▶ **Your objective**
Once you reach the line that holds "what happened to" in the listing below, output it and every line after it through the line that holds "Simulation mammaire 3D", word for word.

▶ **Records shown**
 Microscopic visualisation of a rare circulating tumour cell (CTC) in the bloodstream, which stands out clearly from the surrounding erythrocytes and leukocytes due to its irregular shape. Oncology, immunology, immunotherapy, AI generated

* * *

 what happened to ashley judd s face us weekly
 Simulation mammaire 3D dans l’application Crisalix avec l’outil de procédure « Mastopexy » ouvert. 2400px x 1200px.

* * *

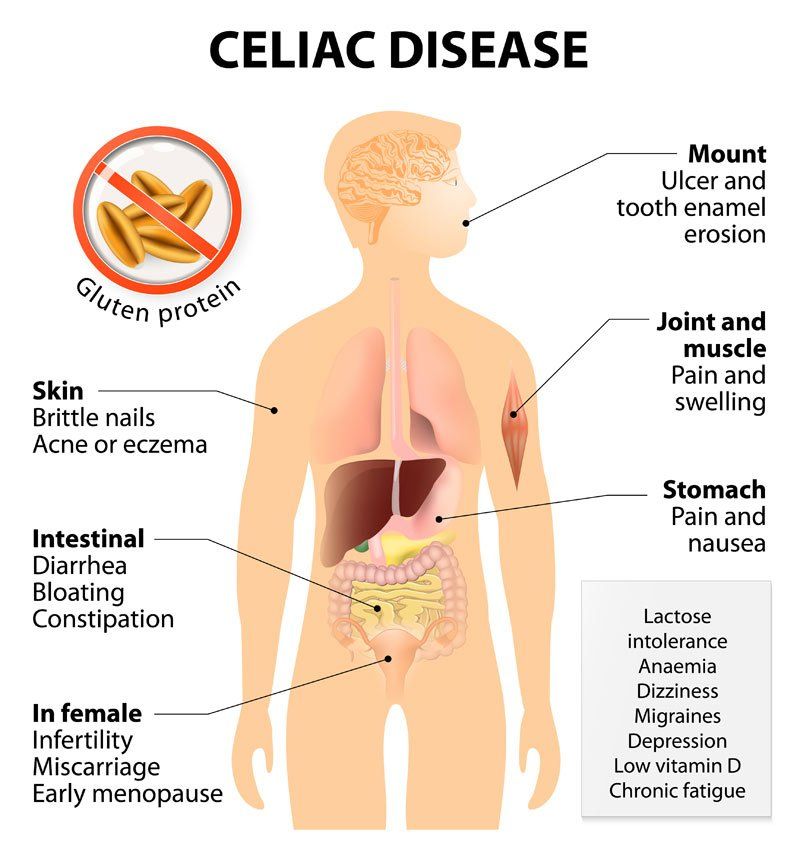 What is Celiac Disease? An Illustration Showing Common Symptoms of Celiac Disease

▶ **Task response**
 what happened to ashley judd s face us weekly
 Simulation mammaire 3D dans l’application Crisalix avec l’outil de procédure « Mastopexy » ouvert. 2400px x 1200px.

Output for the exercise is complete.